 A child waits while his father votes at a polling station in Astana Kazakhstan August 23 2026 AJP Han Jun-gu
...
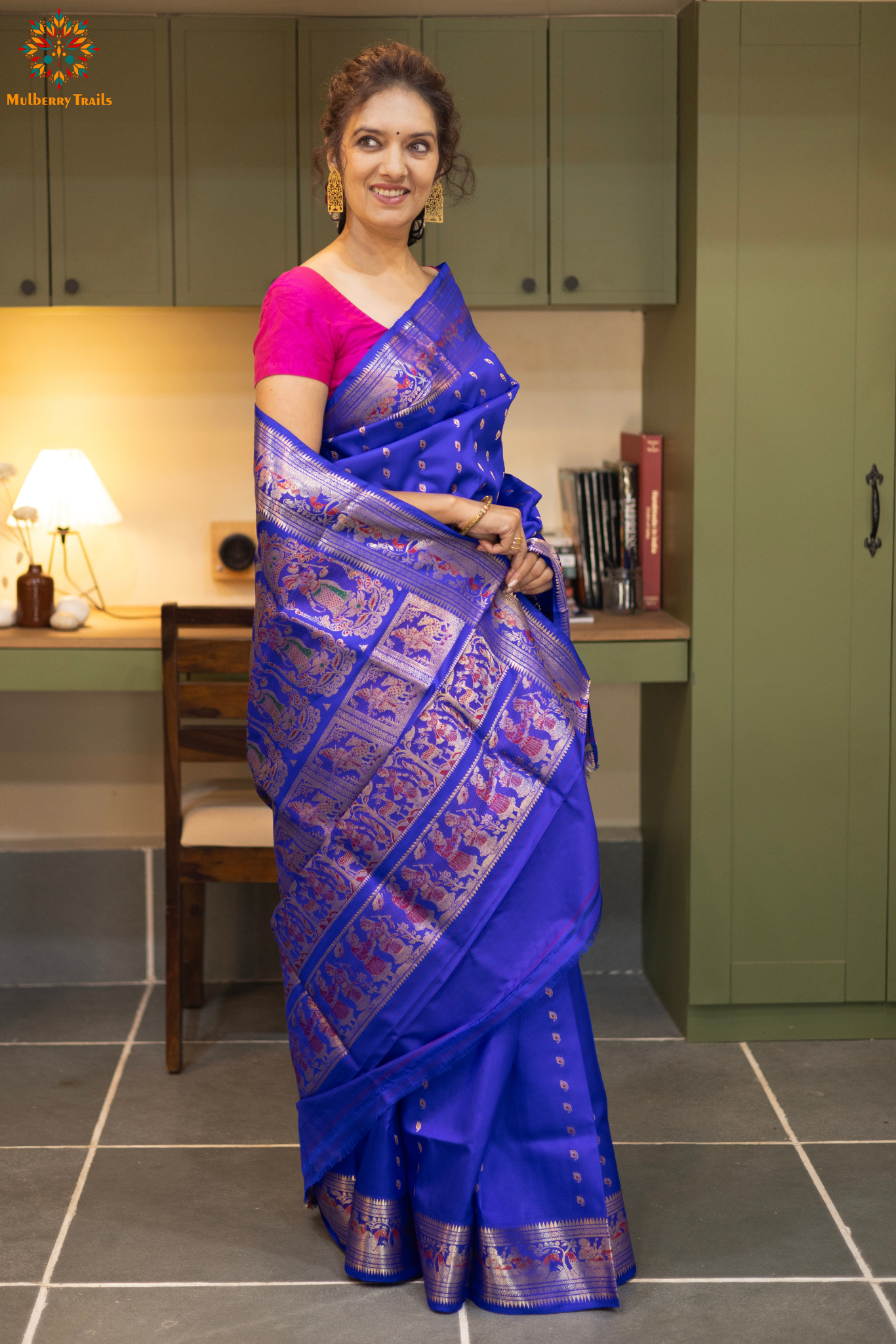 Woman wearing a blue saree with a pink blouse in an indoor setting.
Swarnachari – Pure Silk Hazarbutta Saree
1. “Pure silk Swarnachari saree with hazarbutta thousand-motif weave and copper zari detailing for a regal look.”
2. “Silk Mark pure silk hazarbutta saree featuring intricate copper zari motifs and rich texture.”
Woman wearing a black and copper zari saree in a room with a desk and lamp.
==
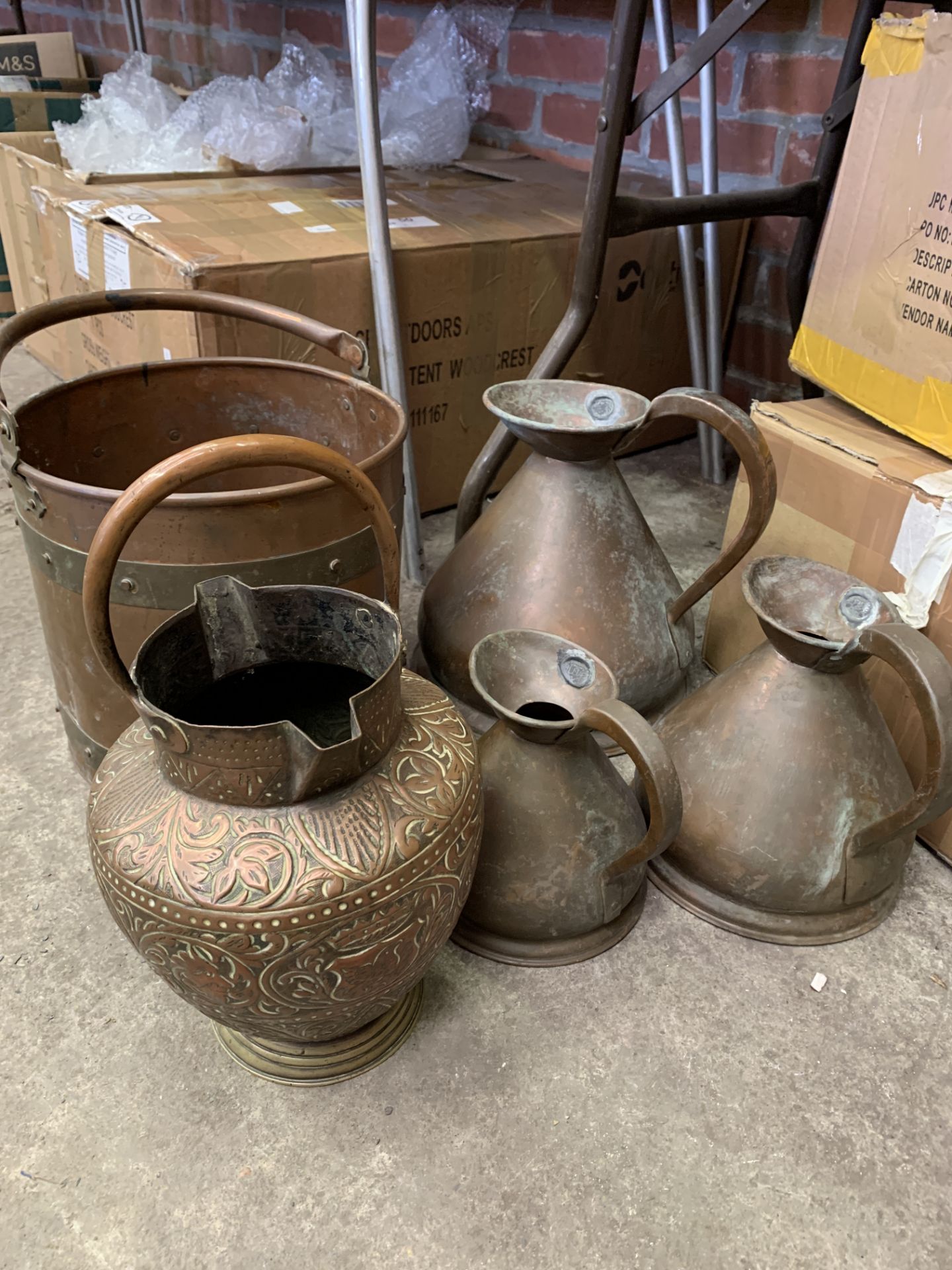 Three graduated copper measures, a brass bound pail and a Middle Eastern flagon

*REQUIRED ACTION:*
Reproduce each line of the records in which "zari" appears.

*WRITTEN ANSWER:*
1. “Pure silk Swarnachari saree with hazarbutta thousand-motif weave and copper zari detailing for a regal look.”
2. “Silk Mark pure silk hazarbutta saree featuring intricate copper zari motifs and rich texture.”
Woman wearing a black and copper zari saree in a room with a desk and lamp.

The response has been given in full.